Vaincu la nuit dernière sur la pelouse de Cardiff lors de la première journée de challenge Cup (41-0), le CAB poursuit sa triste série de 8 défaites consécutives toutes compétitions confondues. Pour ce qui ressemble à une habitude ces derniers temps, de nombreux jeunes, fraichement sortis du centre de formation, étaient une nouvelle fois inscrits sur la feuille de match. Connaissant une période délicate en top14 (dernier du classement), les Corréziens cherchent un second souffle et misent de plus en plus sur des produits locaux. Trois d’entre eux, qui ont récemment disputé leurs premières minutes en professionnel avec Brive, nous ont accordé une interview.


Mathis Ferté (arrière- demi de mêlée), Noé Bedou (troisième ligne) et Fabien Kévin (trois-quarts centre). Tous les trois, ont disputé leurs premières minutes sous les couleurs noires et blanches, en Top14. Le premier contre le Racing 92, le second face au Rugby Club de Toulon et le troisième, contre le Stade Rochelais. Pas initialement reconnu pour leurs qualités de surfeurs, les trois jeunes rugbymans ont pourtant su floater la vague amenant avec elle plusieurs jeunes dans le groupe professionnel. Leur passion pour le monde de l’ovalie anime leur vie au quotidien depuis quelques années maintenant. Pourtant, le premier chapitre de leur histoire avec le rugby ne s’est écrit de la même façon. Pour Mathis Ferté, 18 ans, c’est une histoire familiale. Vous savez, on dit souvent que le petit frère veut s’inspirer voire copier le grand frère, là, on s’en rapproche. « C’est mon frère, ayant touché en premier le fameux ballon ovale, qui m’a donné envie de pratiquer ce sport » disait-il. Pour Fabien Kévin, l’histoire avec le rugby s’initie aussi par une histoire de lien. « J’ai commencé à pratiquer ce sport à l’âge de 11 ans, c’est le premier d’ailleurs. Il me permettait de me défouler et j’en avais besoins. En plus, je partageais cette passion avec mon meilleur ami. Cela nous permettait de passer des moments ensemble et depuis tout ce temps je n’ai jamais quitté le rugby et le rugby ne m’a jamais quitté » se réjouissait-il. Noé Bedou, lui, a testé plusieurs sports avant de connaître le rugby. « J’ai pratiqué du foot, du basket, du judo ou encore du hockey mais rien ne m’intéressait réellement jusqu’à tester le rugby à l’âge de 8 ans. C’est en allant voir un match de l’équipe première du CAB que j’ai voulu essayer » confiait-il.

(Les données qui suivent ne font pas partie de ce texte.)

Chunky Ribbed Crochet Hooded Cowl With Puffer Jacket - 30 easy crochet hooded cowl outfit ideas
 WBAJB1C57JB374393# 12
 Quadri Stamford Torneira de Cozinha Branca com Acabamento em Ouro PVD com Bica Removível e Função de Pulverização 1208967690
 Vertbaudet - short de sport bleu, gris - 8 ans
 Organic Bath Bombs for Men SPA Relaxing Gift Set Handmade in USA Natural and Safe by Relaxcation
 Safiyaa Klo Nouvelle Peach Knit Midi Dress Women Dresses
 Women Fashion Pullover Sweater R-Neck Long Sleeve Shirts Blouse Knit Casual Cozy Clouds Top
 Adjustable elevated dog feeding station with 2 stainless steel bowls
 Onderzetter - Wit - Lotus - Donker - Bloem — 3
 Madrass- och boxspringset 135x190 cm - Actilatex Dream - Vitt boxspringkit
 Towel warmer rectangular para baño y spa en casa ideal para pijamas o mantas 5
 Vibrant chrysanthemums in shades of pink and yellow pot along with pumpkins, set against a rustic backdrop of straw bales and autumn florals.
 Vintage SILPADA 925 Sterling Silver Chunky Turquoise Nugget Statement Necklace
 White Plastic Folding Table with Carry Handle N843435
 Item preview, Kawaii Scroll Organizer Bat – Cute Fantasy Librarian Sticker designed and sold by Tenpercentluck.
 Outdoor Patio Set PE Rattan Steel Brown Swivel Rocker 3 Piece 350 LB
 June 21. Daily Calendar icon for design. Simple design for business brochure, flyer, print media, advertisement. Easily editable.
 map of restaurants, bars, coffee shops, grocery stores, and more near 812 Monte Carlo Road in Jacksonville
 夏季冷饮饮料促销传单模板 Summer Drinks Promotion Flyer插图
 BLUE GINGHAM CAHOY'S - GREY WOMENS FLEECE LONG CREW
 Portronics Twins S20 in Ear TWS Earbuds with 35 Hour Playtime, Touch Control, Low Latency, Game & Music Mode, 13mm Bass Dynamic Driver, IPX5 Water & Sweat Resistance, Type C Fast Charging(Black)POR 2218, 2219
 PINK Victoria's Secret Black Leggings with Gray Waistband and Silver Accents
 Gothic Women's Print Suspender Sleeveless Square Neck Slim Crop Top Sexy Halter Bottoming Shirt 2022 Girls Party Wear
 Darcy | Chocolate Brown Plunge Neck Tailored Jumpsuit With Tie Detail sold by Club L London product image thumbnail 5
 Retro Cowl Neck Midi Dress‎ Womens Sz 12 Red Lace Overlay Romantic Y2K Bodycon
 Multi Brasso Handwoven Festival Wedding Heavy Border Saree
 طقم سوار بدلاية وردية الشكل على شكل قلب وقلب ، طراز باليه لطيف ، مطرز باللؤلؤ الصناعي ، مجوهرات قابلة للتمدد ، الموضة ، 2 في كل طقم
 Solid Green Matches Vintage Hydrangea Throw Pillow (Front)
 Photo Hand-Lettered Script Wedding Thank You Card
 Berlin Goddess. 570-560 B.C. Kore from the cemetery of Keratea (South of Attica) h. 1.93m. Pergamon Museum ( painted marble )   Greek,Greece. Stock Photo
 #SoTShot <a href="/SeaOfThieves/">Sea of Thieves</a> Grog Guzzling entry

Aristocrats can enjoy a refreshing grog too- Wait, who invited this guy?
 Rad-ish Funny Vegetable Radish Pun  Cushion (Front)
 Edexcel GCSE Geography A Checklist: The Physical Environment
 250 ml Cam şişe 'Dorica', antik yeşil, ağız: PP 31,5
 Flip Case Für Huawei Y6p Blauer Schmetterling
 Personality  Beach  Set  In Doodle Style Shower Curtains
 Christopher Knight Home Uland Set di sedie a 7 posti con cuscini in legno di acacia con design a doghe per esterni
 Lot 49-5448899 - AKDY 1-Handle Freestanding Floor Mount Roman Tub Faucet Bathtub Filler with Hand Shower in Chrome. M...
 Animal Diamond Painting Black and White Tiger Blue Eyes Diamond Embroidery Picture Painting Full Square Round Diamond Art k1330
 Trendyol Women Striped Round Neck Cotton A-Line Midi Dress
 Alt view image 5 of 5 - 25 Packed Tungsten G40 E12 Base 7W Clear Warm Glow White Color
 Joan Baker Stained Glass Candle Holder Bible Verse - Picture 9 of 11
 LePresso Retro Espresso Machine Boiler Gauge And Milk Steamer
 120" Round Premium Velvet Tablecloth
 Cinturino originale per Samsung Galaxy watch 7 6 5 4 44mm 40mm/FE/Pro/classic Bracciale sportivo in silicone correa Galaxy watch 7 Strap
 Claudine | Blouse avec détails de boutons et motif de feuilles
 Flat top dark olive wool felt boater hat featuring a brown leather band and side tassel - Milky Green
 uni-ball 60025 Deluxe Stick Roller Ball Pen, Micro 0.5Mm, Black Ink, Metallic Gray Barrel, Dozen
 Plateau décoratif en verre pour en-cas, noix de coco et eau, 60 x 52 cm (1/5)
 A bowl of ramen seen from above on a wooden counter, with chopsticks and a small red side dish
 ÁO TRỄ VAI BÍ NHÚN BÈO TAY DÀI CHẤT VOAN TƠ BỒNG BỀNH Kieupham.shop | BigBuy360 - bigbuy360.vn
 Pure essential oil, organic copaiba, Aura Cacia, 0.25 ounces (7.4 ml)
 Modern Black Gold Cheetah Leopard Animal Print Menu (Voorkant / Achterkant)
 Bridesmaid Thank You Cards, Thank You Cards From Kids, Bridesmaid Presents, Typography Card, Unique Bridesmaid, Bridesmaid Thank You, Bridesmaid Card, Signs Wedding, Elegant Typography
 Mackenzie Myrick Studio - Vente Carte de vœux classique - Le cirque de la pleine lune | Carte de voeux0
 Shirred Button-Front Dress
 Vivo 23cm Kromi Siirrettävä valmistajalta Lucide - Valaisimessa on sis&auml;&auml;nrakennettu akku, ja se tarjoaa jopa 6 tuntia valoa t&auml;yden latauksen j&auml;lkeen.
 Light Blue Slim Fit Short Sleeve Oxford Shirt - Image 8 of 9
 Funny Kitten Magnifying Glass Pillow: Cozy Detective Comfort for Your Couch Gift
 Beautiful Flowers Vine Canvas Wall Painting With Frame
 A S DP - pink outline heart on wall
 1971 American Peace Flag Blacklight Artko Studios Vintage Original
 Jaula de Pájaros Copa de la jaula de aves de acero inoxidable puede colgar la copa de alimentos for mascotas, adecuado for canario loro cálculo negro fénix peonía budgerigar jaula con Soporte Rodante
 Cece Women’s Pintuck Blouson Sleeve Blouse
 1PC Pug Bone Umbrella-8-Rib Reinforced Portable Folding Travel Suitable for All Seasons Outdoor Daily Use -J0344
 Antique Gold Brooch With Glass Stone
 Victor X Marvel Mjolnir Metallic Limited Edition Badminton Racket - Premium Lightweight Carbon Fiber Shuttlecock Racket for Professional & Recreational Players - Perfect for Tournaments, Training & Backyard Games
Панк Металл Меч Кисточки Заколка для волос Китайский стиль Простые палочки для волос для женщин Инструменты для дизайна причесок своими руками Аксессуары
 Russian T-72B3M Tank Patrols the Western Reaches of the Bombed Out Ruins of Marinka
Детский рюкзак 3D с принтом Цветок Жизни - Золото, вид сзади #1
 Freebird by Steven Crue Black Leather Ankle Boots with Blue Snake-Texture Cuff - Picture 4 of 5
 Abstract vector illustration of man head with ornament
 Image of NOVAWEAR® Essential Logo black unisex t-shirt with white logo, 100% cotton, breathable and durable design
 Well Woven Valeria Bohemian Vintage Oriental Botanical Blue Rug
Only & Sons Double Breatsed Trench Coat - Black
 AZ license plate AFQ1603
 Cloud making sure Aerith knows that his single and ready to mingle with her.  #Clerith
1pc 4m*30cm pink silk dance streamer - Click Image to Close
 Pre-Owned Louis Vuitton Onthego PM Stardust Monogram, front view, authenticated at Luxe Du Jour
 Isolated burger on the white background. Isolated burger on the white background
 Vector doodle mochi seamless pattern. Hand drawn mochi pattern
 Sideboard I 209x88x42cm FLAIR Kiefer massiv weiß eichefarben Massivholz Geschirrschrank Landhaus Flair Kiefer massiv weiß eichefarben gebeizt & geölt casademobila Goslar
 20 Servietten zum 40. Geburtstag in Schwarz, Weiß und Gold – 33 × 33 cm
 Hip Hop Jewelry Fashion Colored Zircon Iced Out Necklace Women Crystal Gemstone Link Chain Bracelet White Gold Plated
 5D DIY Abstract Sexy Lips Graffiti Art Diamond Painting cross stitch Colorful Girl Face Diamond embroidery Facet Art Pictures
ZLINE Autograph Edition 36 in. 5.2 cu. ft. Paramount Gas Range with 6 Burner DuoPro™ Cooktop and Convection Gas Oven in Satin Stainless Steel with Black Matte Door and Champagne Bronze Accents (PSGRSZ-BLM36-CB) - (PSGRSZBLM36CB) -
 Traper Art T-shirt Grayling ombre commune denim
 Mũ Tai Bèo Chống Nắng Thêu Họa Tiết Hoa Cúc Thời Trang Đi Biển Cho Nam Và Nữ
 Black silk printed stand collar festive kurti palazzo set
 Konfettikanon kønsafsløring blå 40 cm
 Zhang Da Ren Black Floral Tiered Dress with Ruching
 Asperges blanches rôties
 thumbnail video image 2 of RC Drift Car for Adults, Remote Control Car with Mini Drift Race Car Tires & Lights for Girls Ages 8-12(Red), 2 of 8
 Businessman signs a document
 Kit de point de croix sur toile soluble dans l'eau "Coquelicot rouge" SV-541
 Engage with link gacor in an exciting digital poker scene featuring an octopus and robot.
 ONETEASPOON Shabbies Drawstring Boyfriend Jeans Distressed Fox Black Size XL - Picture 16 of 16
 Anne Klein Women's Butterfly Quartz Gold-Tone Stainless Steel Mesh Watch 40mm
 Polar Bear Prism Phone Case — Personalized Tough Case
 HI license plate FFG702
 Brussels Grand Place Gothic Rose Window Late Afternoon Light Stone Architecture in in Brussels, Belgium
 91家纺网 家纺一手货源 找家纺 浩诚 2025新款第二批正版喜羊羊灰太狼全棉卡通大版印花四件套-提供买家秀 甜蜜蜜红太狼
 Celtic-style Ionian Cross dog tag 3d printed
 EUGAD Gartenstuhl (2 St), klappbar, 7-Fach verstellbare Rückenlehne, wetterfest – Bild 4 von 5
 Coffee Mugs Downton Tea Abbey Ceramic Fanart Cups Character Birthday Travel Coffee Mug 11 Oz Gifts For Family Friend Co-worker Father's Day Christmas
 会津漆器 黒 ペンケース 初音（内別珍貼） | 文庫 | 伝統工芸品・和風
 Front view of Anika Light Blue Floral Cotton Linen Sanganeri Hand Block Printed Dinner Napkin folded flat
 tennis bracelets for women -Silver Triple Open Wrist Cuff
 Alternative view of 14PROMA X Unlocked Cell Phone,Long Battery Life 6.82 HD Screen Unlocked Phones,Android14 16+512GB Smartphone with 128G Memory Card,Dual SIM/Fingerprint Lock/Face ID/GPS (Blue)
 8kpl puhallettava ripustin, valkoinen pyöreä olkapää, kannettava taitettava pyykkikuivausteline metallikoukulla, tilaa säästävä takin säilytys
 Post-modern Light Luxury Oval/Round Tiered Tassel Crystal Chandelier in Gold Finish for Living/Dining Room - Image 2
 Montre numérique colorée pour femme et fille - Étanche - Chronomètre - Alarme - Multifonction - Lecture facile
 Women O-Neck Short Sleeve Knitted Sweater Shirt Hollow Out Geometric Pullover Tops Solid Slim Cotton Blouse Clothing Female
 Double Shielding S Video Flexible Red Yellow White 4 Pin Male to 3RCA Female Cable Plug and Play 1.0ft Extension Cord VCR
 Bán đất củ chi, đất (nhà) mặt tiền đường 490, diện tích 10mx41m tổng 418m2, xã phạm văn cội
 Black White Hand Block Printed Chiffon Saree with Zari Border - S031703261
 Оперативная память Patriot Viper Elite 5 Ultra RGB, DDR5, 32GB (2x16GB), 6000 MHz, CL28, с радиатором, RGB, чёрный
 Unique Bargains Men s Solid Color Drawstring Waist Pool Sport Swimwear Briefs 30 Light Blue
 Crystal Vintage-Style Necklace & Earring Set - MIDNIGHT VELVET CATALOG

Comme pour les débuts avec le rugby, les parcours scolaires de ces jeunes joueurs n’ont rien de similaire. Le jeune originaire de la région cadurcienne (M.F), ayant déjà un bac STMG en poche, poursuit ses études en école de gestion et de commerce pour par la suite travailler dans l’entreprise du père et lui-même. Toujours une histoire de famille pour Mathis Ferté…Noé Bedou, lui, possède déjà un bac scientifique et une licence STAPS et suit un master en marketing et communication sans pour autant avoir de métier en vue. En revanche, Fabien Kevin, lui en a un. En première année de STAPS, il espère ouvrir une structure spécialisée pour la remise en forme des personnes en obésité et d’en devenir le manager. Certains diront qu’il faut tout miser sur la réussite dans le rugby, d’autres qu’il faut toujours garder les études à côté et c’est ce que nous ont répondu les trois brivistes. « Je fais des études pour assurer mes arrières pour l’avenir car on ne sait pas ce qu’il peut se passer...Le rugby ça ne dure pas toute la vie, du jour au lendemain tout peut s’arrêter pour x raison » disait F.K. tout haut ce que ses coéquipiers pensaient.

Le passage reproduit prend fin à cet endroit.